Washington, D.C. (July 8, 2011)—James McKillop, president and CEO of the Independent Banker’s Bank of Florida, today urged members of the House Financial Services Subcommittee on Financial Institutions and Consumer Credit to support ICBA-backed legislation to address the smothering effects that community banks face from over-regulation.

McKillop advocated for the following key bills that would provide needed regulatory reform:

  • The Common Sense Economic Recovery Act of 2011, H.R. 1723
  • A bill to instruct the Federal Deposit Insurance Corporation Inspector General to study the impact of insured depository institution failures, H.R. 2056
  • The Communities First Act, H.R. 1697

Enactment of these bills would go a long way toward improving the oppressive examination environment and the economic recovery in local communities across the nation.

“The exam environment is discouraging lending at the very time that bank credit is needed to sustain the economic recovery,” McKillop said during his testimony. “What is particularly frustrating to community bankers is that field examination practices are often not consistent with the directives from Washington.

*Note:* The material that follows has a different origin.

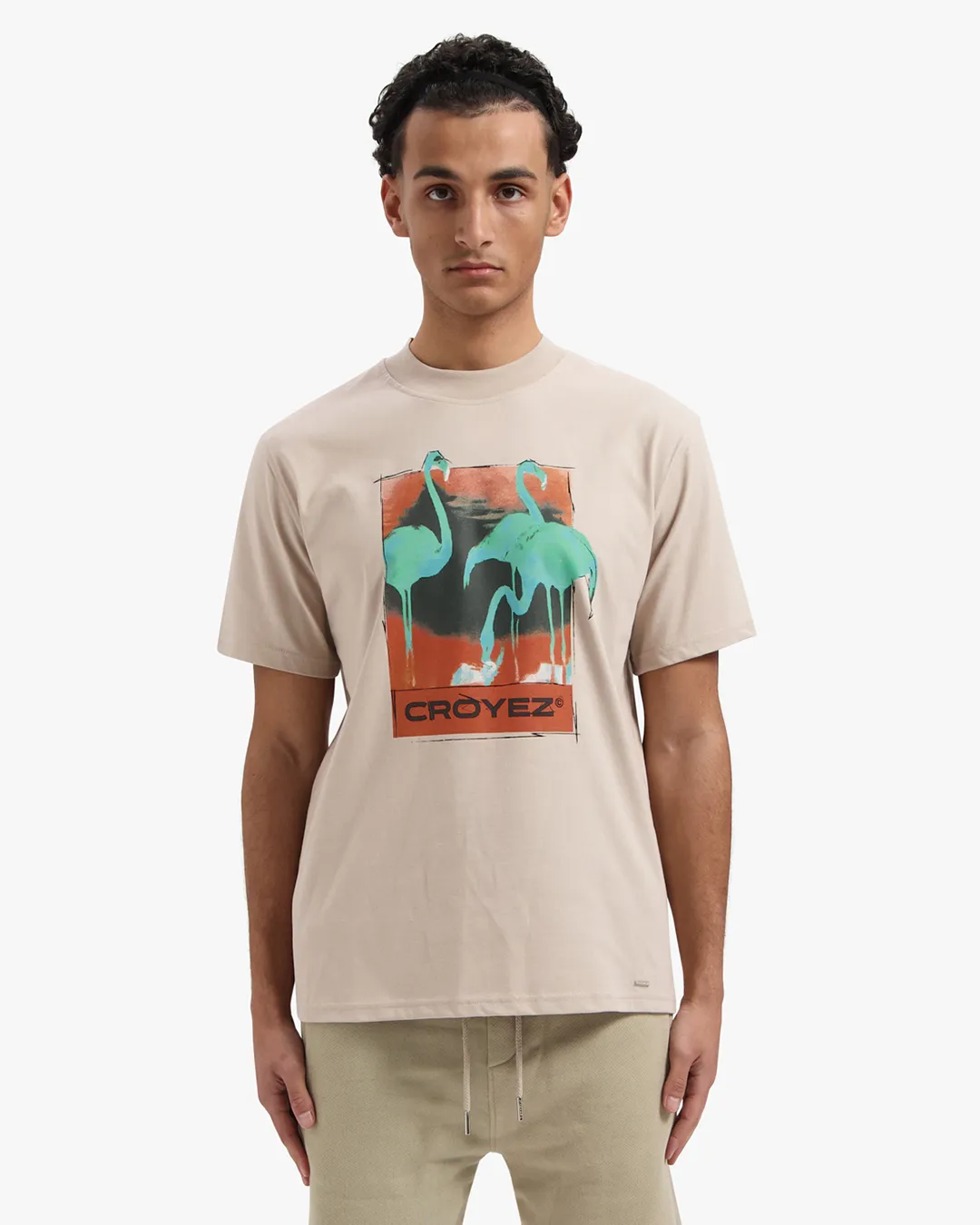 CROYEZ THERMAL FLAMINGO T-SHIRT - KHAKI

The misplaced zeal and arbitrary demands of examiners can have a chilling effect on credit.”

McKillop went on to outline specific community bank concerns, including write-downs of performing loans based on collateral value despite the cash flow of the borrower, second-guessing of appraisals and moving the capital goalposts beyond what is required by regulation.

“While all banks accept the need for balanced regulatory oversight, the pendulum has swung too far in the direction of over-regulation,” McKillop said. “ICBA supports H.R. 1723 because it will reaffirm existing agency guidance on loan classifications and bring more consistency to the examination process. The bill provides that a loan must be put on accrual status if it has been paid on a current basis for the past six months, among other conditions.”

Establishing conservative, bright-line criteria will allow lenders to modify loans, as appropriate, without fear of being penalized. If H.R. 1723 becomes law, it will give bankers the flexibility to work with struggling but viable borrowers and help banks maintain the capital they need to support their communities.

“ICBA also supports H.R. 2056, which would require the Inspector General of the FDIC to study examination and resolution policies that may contribute to the current difficult environment for banks,” McKillop continued. “The study would focus on many of the concerns that we have identified in the current exam environment, such as paper losses that cause an institution to raise more capital and commercial real estate loan workouts.”

ICBA fully supports H.R. 2056 and believes it might also be appropriate for the GAO to work closely with the FDIC inspector general because the topics to be studied—with the exception of loss-sharing agreements—are common to all the federal banking agencies and affect all banks, not only those examined by the FDIC.

McKillop also advocated for the beneficial Communities First Act (H.R. 1697), or CFA, which contains many reforms that would improve the regulatory environment and community bank viability. “CFA would raise the threshold number of bank shareholders that triggers SEC registration from 500 to 2,000—SEC compliance costs are a significant expense for listed banks,” he said. “Another provision would extend the five-year net operating loss carryback provision to free up community bank capital now when it is needed most. We’re very pleased that CFA has growing bipartisan co-sponsorships in the House.”